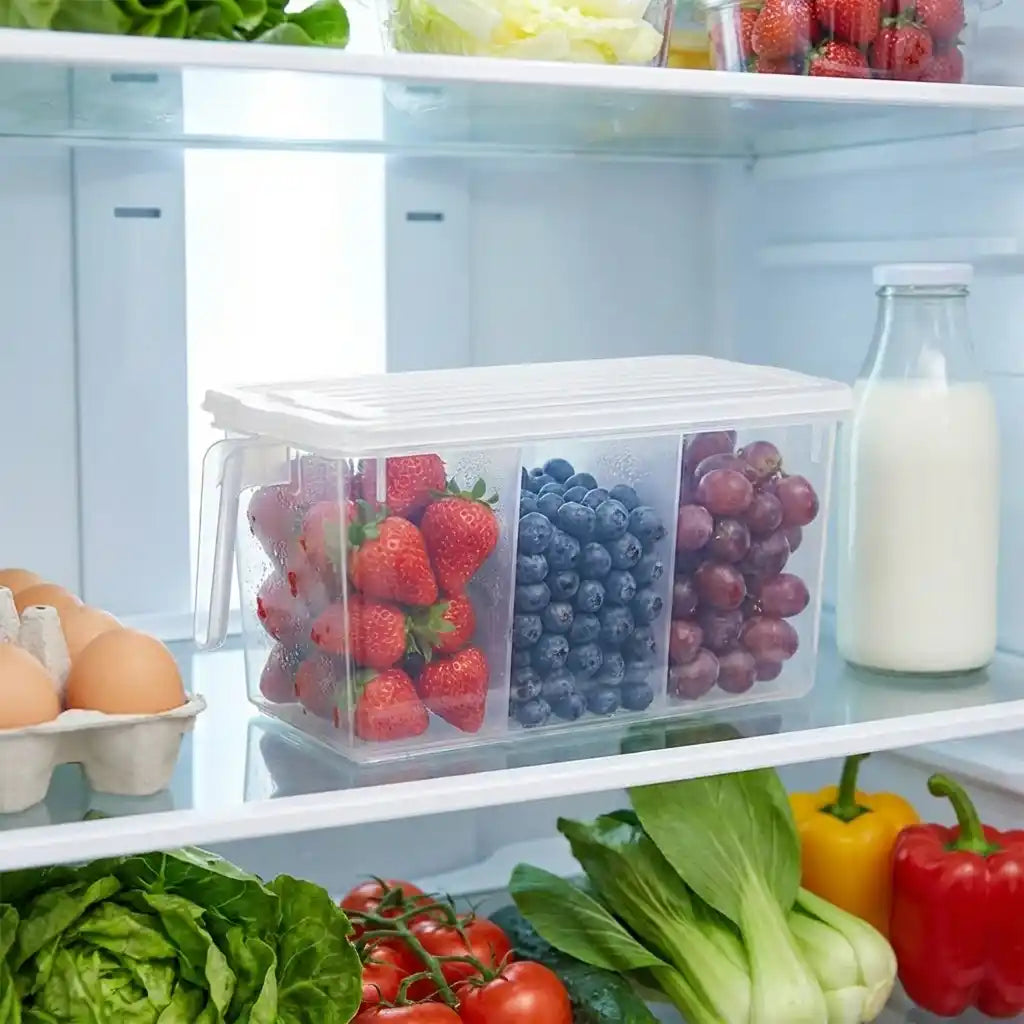 Clear divided refrigerator organizer box filled with berries and grapes on a shelf.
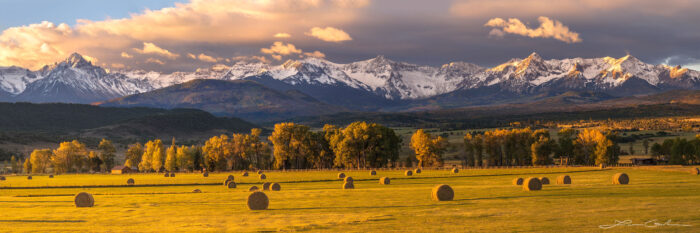 A large ranch meadow with hay bales and beautiful snow covered Colorado mountains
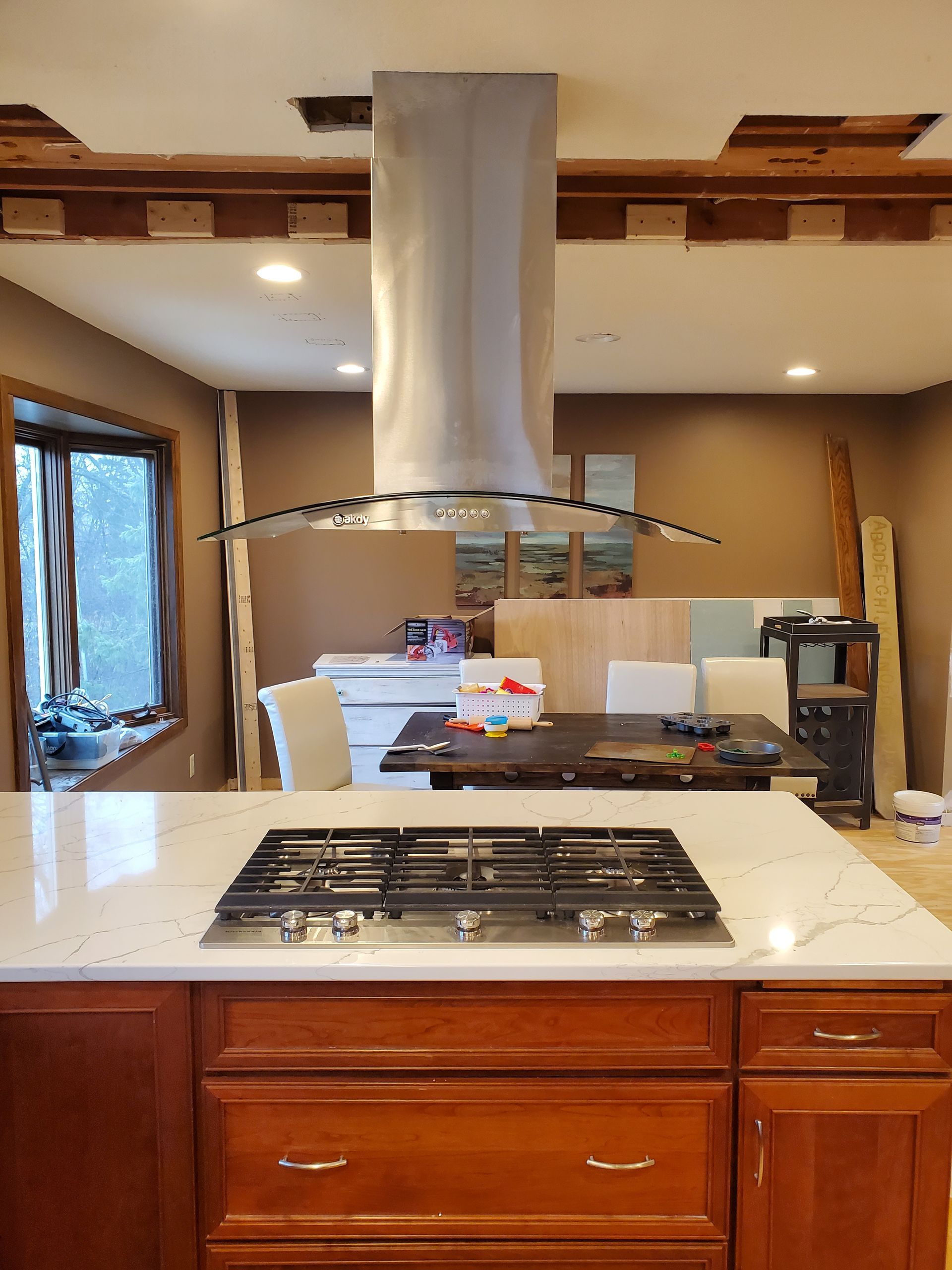 A kitchen island with a gas cooktop sits beneath a stainless steel island range hood in an unfinished ceiling space.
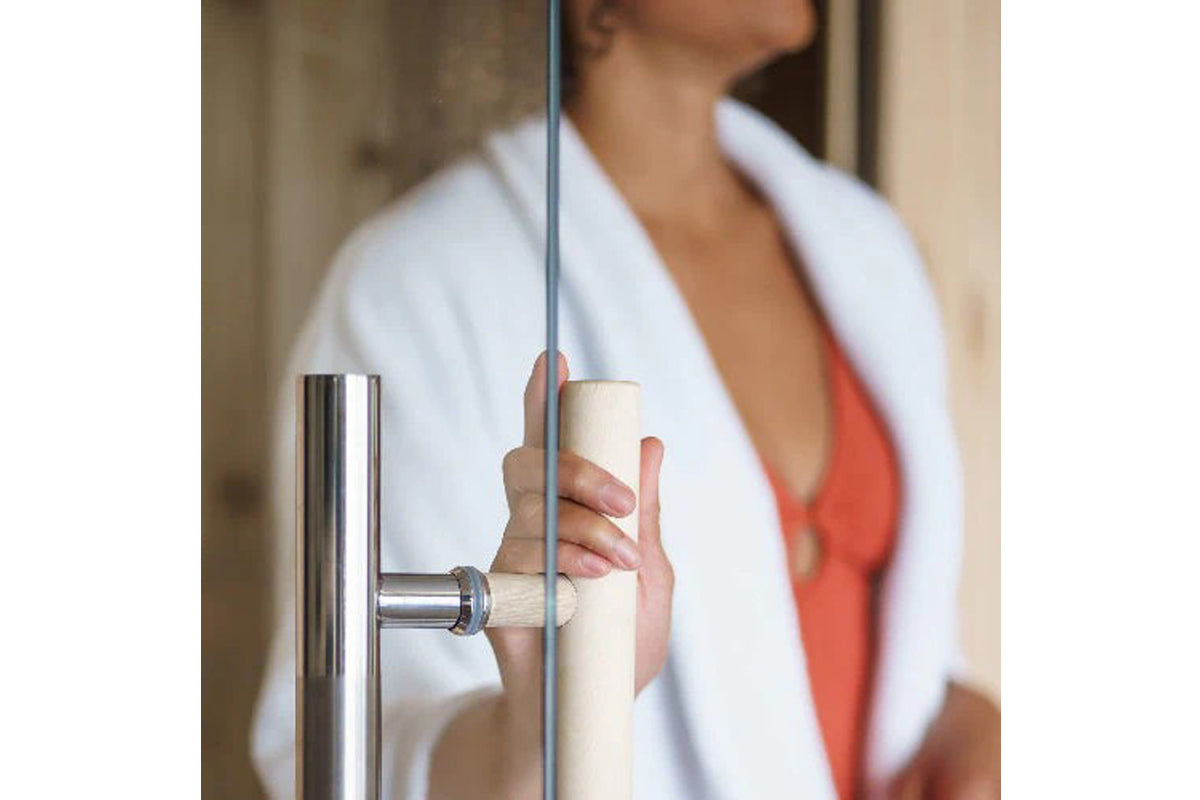 Woman opening glass sauna door with cream-colored handle and stainless steel frame, wearing white robe over coral top
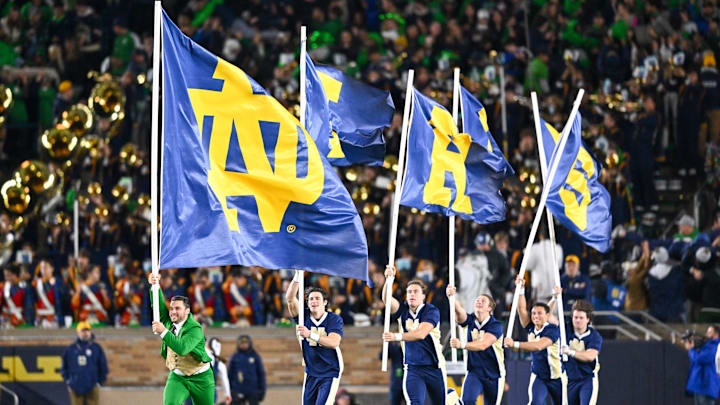 Oct 14, 2023; South Bend, Indiana, USA; The Notre Dame Leprechaun and cheerleaders celebrate after a Notre Dame touchdown in the third quarter against the USC Trojans at Notre Dame Stadium. Mandatory Credit: Matt Cashore-Imagn Images Oct 14, 2023; South Bend, Indiana, USA; The Notre Dame Leprechaun and cheerleaders celebrate after a Notre Dame touchdown in the third quarter against the USC Trojans at Notre Dame Stadium. Mandatory Credit: Matt Cashore-Imagn Images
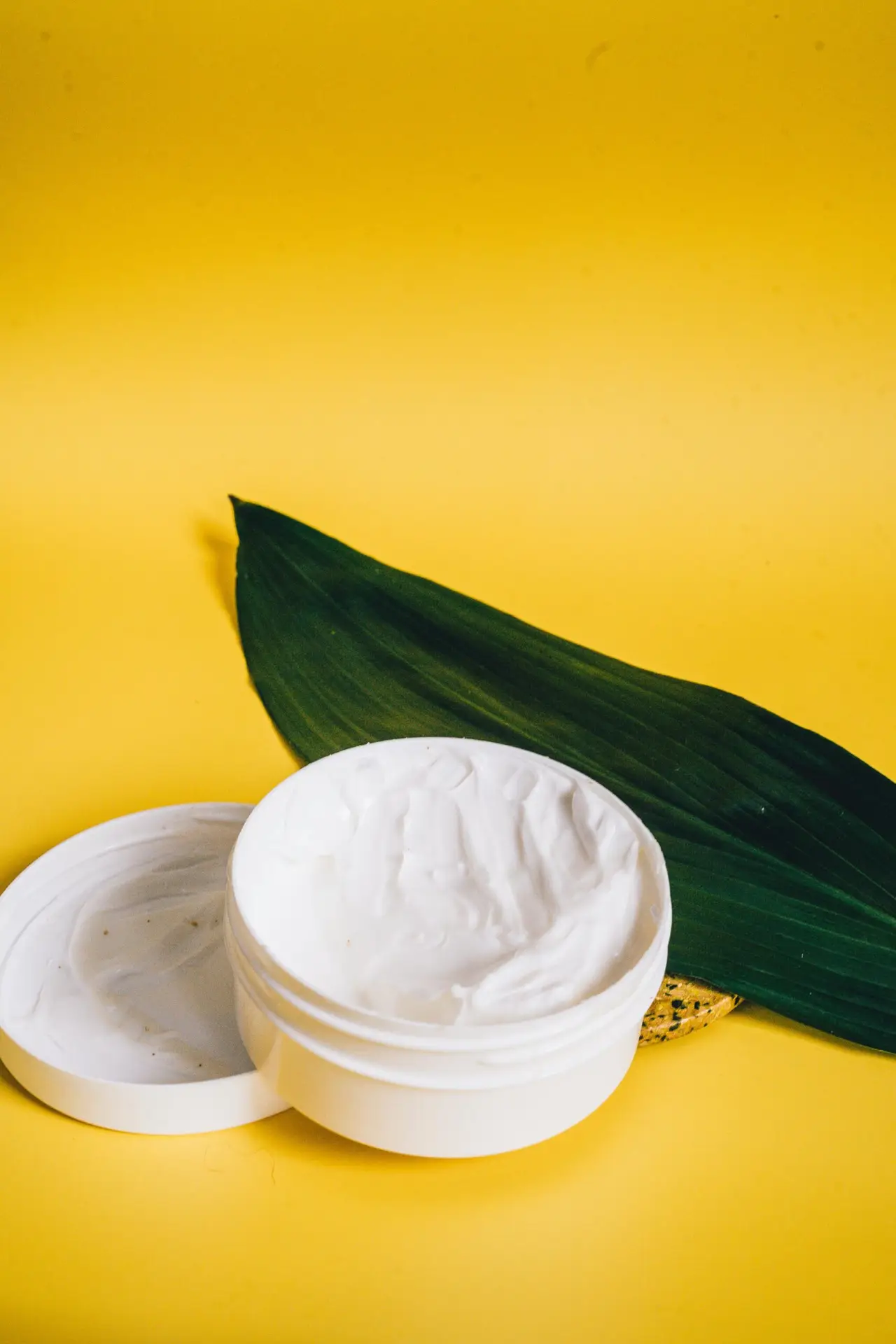 Open cosmetic cream container with a green leaf on a vibrant yellow backdrop, showcasing natural beauty.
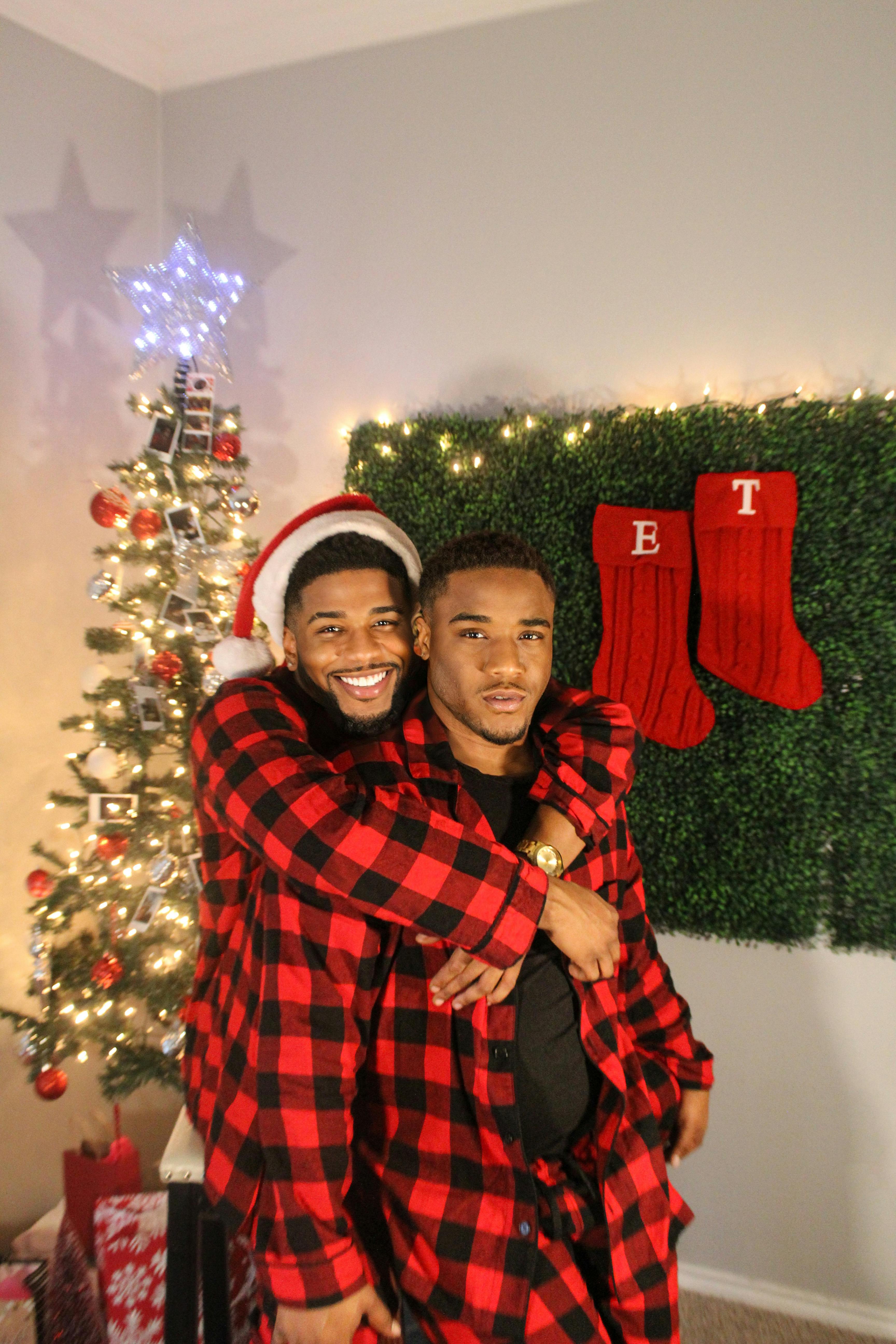 A Couple in Matching Pajamas Sitting by a Christmas Tree with Dogs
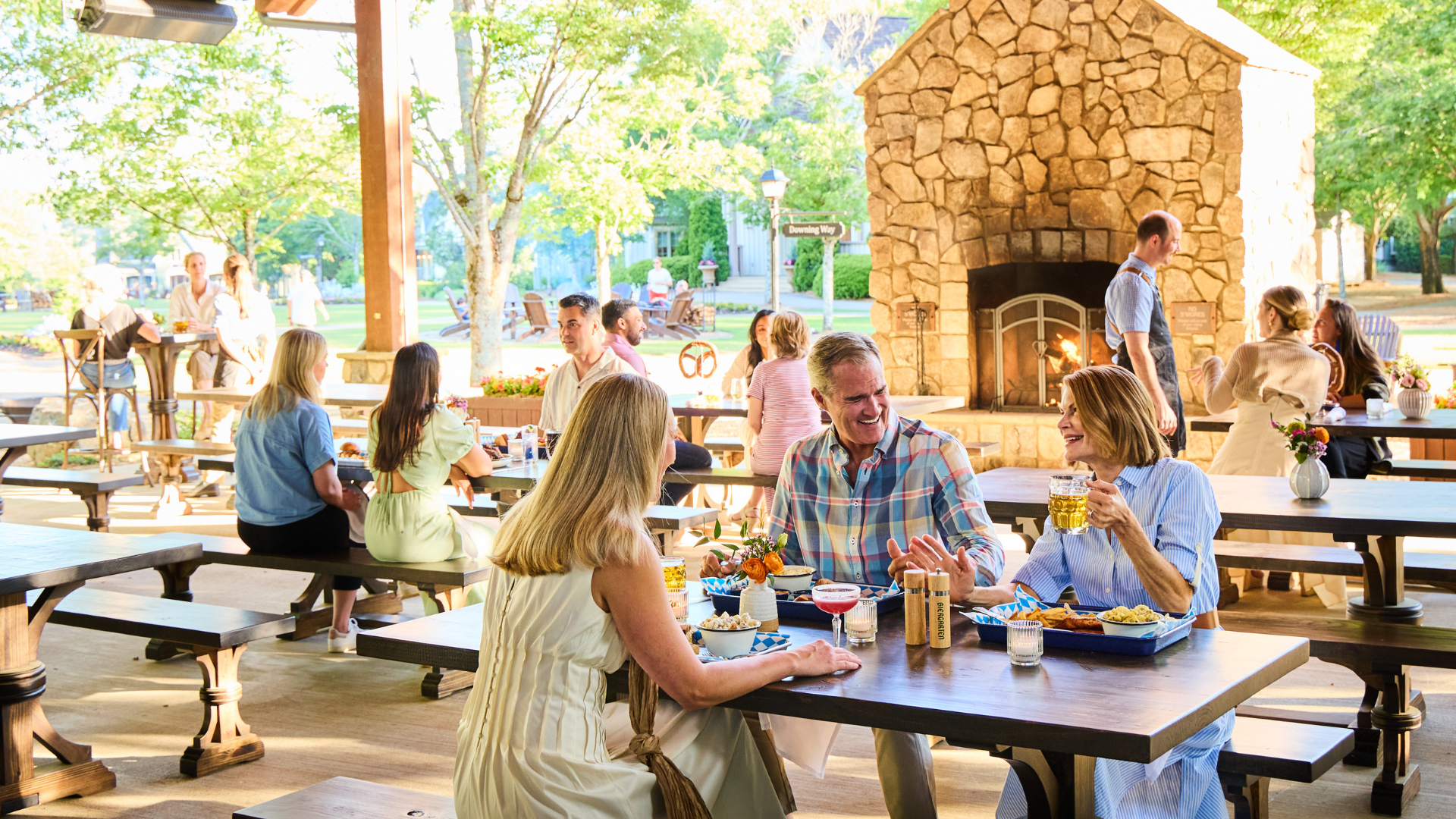 group of people eating in an open-air restaurant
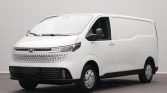 Front three-quarter view of a white commercial cargo van with a black bumper and grille pattern at the lower front surface of the vehicle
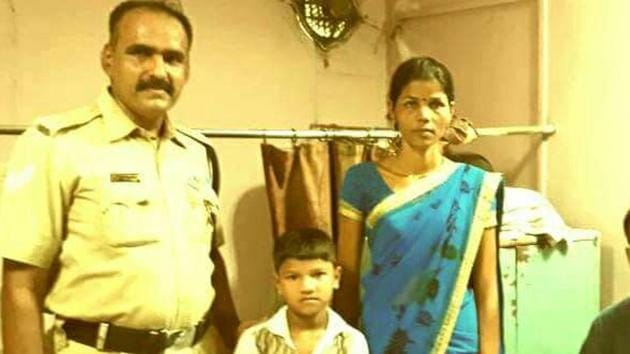 Om Shirsad Sathe with his mother and RPF constable DN Sawji, who rescued him. Om Shirsad Sathe with his mother and RPF constable DN Sawji, who rescued him.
----------------------------------------
Required action:
Return word for word the line bearing "Front three-quarter view" and every later line of the entries, but none of the pictures.

Response area:
 Front three-quarter view of a white commercial cargo van with a black bumper and grille pattern at the lower front surface of the vehicle
 Om Shirsad Sathe with his mother and RPF constable DN Sawji, who rescued him. Om Shirsad Sathe with his mother and RPF constable DN Sawji, who rescued him.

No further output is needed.